For all of its remoteness and antiquated formulation, Parashat Mishpatim feels extraordinarily relevant and timely to me. Mishpatim’s collection of ancient norms and rules reveals, upon closer reading, a compelling and contemporary collection of ethical principles and thoughtful personal practices.
One example, among many possible candidates, tells the story. On thirty six occasions, the Torah articulates a warning to love, or care for, or not harm, or not oppress the stranger, the Biblical ger. Two of the Torah’s ‘stranger alerts’ appear in Mishpatim, with explanatory rationales attached. Version one reads: “You shall not wrong a stranger or oppress him, for you were strangers in the land of Egypt.” Version two, perhaps an expansion (?), proclaims: “You shall not oppress a stranger, for you know the feelings of the stranger, having yourselves been strangers in the land of Egypt.”

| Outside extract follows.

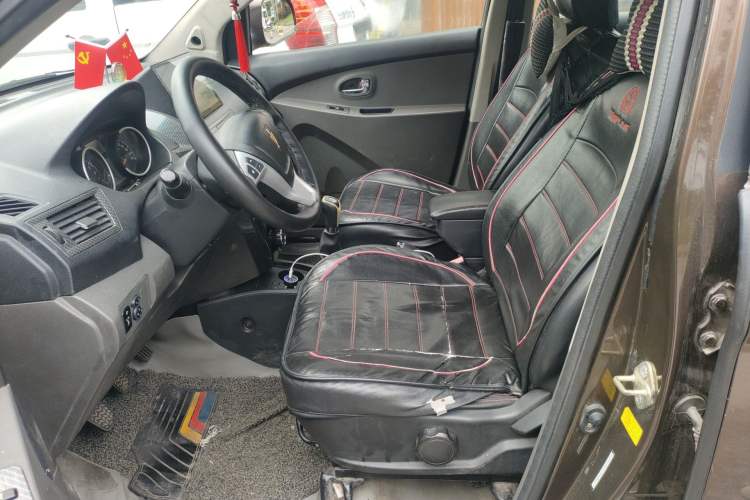 Used Jinbei Zhishang S30 2014 1.5L Manual Elite Model Left Front Seat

You were strangers, hence you know what it feels like to be a stranger. Therefore, don’t oppress a stranger. Simple enough.
Two pieces of medieval commentary dramatically expand the category, serving up a cluster of ethical principles that could (should!) be applied to any one of a number of contemporary questions.
Abraham Ibn Ezra, a 12th century polymath as the title of a collection of essays devoted to his work and thought puts it, lets us know that you (we, I) must not oppress a stranger because you (we, I) are more powerful than s/he. Doing harm to one who is weaker, suggests Ibn Ezra, is the essential offense, whether that individual is a stranger, a widow, an orphan, not to mention an immigrant, a refugee, a person who enjoys less privilege, etc…You (we, I) get the point!
Ibn Ezra offers us more. Seeing it happen, and neglecting, failing, declining, to step in to assist the oppressed renders us (you, me) oppressors in our own right. Ibn Ezra’s high bar means that there is no such thing as ‘innocent’ by standing. Once we (you) are aware we’re (you’re) obligated to act.
And Moses ben Nahman, a 13th century giant (known by his initials – Ramban), reads Mishpatim’s two warnings about strangers to mean this: “you know that the soul of any stranger is lowly towards himself, and he sighs and cries, and his eyes are always to God – and God will have mercy upon him, as God had mercy upon you.” When it comes to strangers, teaches Ramban, empathy and compassion are the order of the day.
Strangers, widow, orphans. Fill in the contemporary analogue. The Torah’s ethic couldn’t be more clear. Don’t oppress; don’t inappropriately take advantage of your power; don’t stand by when others oppress the less powerful; respond with empathy; above all, summon up your compassion. Nothing antiquated or remote about that.